* **Task statement**
Transcribe all of the records precisely as they are presented.
==== Material for the task
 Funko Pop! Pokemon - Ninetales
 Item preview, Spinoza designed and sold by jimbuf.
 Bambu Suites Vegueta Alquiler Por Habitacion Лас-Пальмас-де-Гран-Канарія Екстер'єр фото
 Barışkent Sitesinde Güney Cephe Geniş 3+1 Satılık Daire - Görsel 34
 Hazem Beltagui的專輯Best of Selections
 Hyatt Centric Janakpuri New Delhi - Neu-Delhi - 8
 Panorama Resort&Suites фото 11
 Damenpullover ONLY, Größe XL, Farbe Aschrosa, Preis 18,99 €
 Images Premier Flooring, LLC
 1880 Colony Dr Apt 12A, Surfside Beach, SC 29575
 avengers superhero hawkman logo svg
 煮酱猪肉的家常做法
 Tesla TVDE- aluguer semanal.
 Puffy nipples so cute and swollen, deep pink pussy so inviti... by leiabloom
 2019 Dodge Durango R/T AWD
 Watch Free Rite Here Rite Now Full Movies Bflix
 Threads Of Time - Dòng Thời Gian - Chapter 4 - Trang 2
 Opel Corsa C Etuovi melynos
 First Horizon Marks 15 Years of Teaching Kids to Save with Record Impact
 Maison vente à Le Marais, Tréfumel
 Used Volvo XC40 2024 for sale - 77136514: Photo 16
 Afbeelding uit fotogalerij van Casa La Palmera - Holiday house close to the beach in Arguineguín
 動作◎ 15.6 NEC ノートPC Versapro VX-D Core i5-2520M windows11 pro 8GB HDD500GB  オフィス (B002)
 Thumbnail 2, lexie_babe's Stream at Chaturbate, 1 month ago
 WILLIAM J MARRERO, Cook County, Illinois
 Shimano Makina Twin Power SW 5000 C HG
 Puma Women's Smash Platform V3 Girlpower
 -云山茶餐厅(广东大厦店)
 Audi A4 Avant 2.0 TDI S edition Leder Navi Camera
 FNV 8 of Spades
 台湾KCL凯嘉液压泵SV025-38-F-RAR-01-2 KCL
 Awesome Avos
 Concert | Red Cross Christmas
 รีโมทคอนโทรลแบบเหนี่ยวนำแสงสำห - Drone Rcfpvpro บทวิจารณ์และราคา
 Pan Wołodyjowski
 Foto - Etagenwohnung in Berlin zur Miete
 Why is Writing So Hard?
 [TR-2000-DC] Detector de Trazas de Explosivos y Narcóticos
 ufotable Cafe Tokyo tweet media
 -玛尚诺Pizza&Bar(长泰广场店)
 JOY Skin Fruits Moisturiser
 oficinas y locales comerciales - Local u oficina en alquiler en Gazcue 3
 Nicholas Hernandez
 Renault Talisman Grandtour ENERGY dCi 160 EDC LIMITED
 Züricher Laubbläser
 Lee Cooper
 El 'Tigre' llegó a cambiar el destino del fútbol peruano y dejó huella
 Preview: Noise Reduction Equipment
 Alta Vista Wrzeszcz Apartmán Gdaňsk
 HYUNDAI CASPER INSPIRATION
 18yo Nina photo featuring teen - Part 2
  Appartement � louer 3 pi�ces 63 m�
========
* **Answer box**
 Funko Pop! Pokemon - Ninetales
 Item preview, Spinoza designed and sold by jimbuf.
 Bambu Suites Vegueta Alquiler Por Habitacion Лас-Пальмас-де-Гран-Канарія Екстер'єр фото
 Barışkent Sitesinde Güney Cephe Geniş 3+1 Satılık Daire - Görsel 34
 Hazem Beltagui的專輯Best of Selections
 Hyatt Centric Janakpuri New Delhi - Neu-Delhi - 8
 Panorama Resort&Suites фото 11
 Damenpullover ONLY, Größe XL, Farbe Aschrosa, Preis 18,99 €
 Images Premier Flooring, LLC
 1880 Colony Dr Apt 12A, Surfside Beach, SC 29575
 avengers superhero hawkman logo svg
 煮酱猪肉的家常做法
 Tesla TVDE- aluguer semanal.
 Puffy nipples so cute and swollen, deep pink pussy so inviti... by leiabloom
 2019 Dodge Durango R/T AWD
 Watch Free Rite Here Rite Now Full Movies Bflix
 Threads Of Time - Dòng Thời Gian - Chapter 4 - Trang 2
 Opel Corsa C Etuovi melynos
 First Horizon Marks 15 Years of Teaching Kids to Save with Record Impact
 Maison vente à Le Marais, Tréfumel
 Used Volvo XC40 2024 for sale - 77136514: Photo 16
 Afbeelding uit fotogalerij van Casa La Palmera - Holiday house close to the beach in Arguineguín
 動作◎ 15.6 NEC ノートPC Versapro VX-D Core i5-2520M windows11 pro 8GB HDD500GB  オフィス (B002)
 Thumbnail 2, lexie_babe's Stream at Chaturbate, 1 month ago
 WILLIAM J MARRERO, Cook County, Illinois
 Shimano Makina Twin Power SW 5000 C HG
 Puma Women's Smash Platform V3 Girlpower
 -云山茶餐厅(广东大厦店)
 Audi A4 Avant 2.0 TDI S edition Leder Navi Camera
 FNV 8 of Spades
 台湾KCL凯嘉液压泵SV025-38-F-RAR-01-2 KCL
 Awesome Avos
 Concert | Red Cross Christmas
 รีโมทคอนโทรลแบบเหนี่ยวนำแสงสำห - Drone Rcfpvpro บทวิจารณ์และราคา
 Pan Wołodyjowski
 Foto - Etagenwohnung in Berlin zur Miete
 Why is Writing So Hard?
 [TR-2000-DC] Detector de Trazas de Explosivos y Narcóticos
 ufotable Cafe Tokyo tweet media
 -玛尚诺Pizza&Bar(长泰广场店)
 JOY Skin Fruits Moisturiser
 oficinas y locales comerciales - Local u oficina en alquiler en Gazcue 3
 Nicholas Hernandez
 Renault Talisman Grandtour ENERGY dCi 160 EDC LIMITED
 Züricher Laubbläser
 Lee Cooper
 El 'Tigre' llegó a cambiar el destino del fútbol peruano y dejó huella
 Preview: Noise Reduction Equipment
 Alta Vista Wrzeszcz Apartmán Gdaňsk
 HYUNDAI CASPER INSPIRATION
 18yo Nina photo featuring teen - Part 2
  Appartement � louer 3 pi�ces 63 m�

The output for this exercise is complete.